**Task instructions:**
For the entries below, copy exactly the line that contains "Funderful 人工観葉植物 光触媒" through the line that contains "5.36 Carat Round Lab Diamond", both ends included, and exclude all pictures.

**Record excerpts:**
|---|

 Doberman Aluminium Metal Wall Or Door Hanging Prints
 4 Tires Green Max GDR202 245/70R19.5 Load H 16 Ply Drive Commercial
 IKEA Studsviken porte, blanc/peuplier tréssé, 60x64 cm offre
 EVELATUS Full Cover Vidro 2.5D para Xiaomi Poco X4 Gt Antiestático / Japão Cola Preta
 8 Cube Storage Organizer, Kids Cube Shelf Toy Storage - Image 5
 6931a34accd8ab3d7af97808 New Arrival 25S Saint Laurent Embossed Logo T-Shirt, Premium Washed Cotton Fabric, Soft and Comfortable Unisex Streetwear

|---|

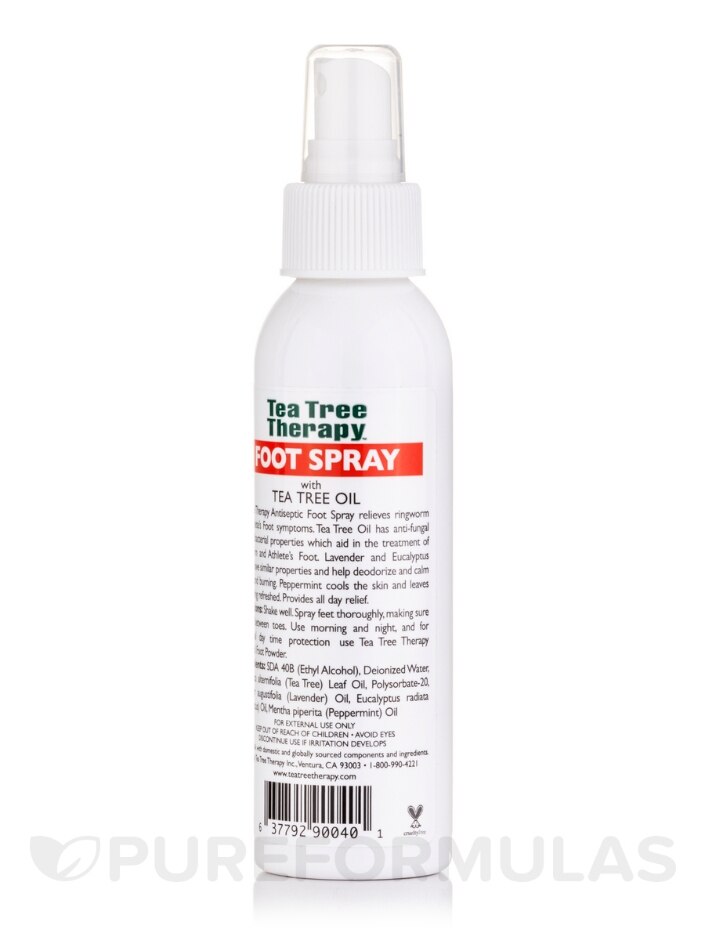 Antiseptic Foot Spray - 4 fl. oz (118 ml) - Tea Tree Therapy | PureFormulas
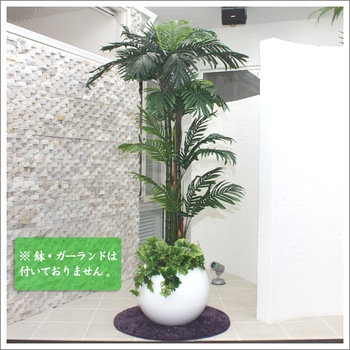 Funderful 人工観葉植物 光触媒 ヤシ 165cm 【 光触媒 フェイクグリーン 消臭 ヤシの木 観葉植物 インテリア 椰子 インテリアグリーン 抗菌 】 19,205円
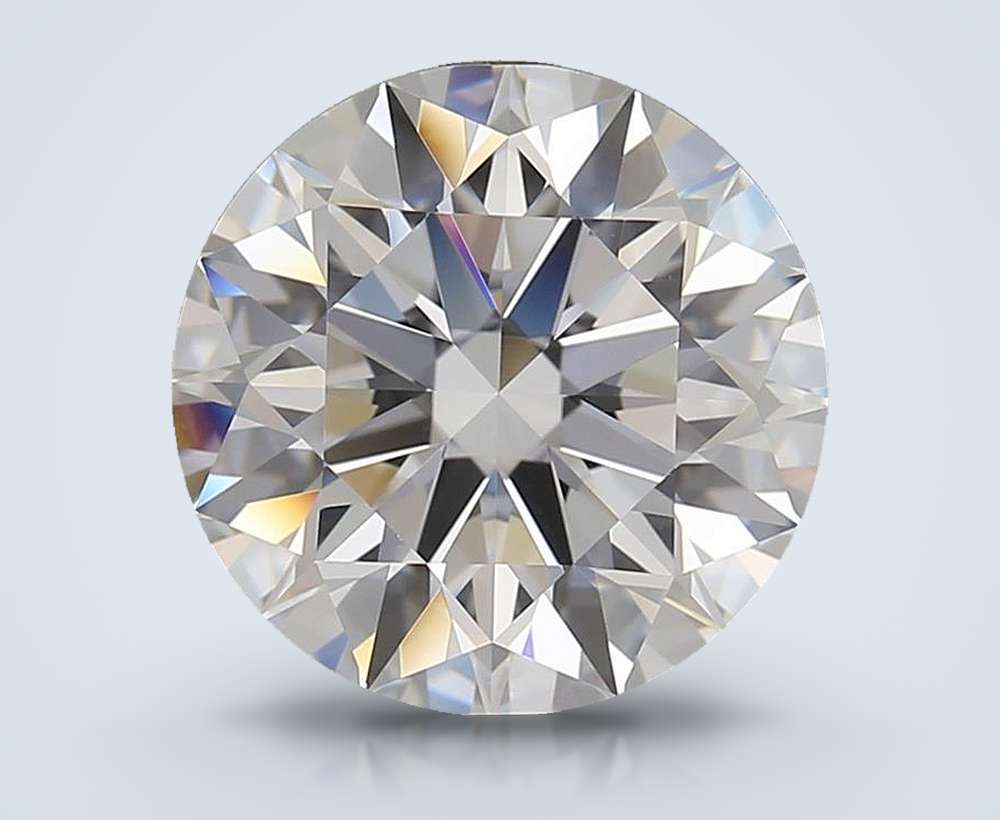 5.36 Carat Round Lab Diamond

|---|

**Response:**
 Funderful 人工観葉植物 光触媒 ヤシ 165cm 【 光触媒 フェイクグリーン 消臭 ヤシの木 観葉植物 インテリア 椰子 インテリアグリーン 抗菌 】 19,205円
 5.36 Carat Round Lab Diamond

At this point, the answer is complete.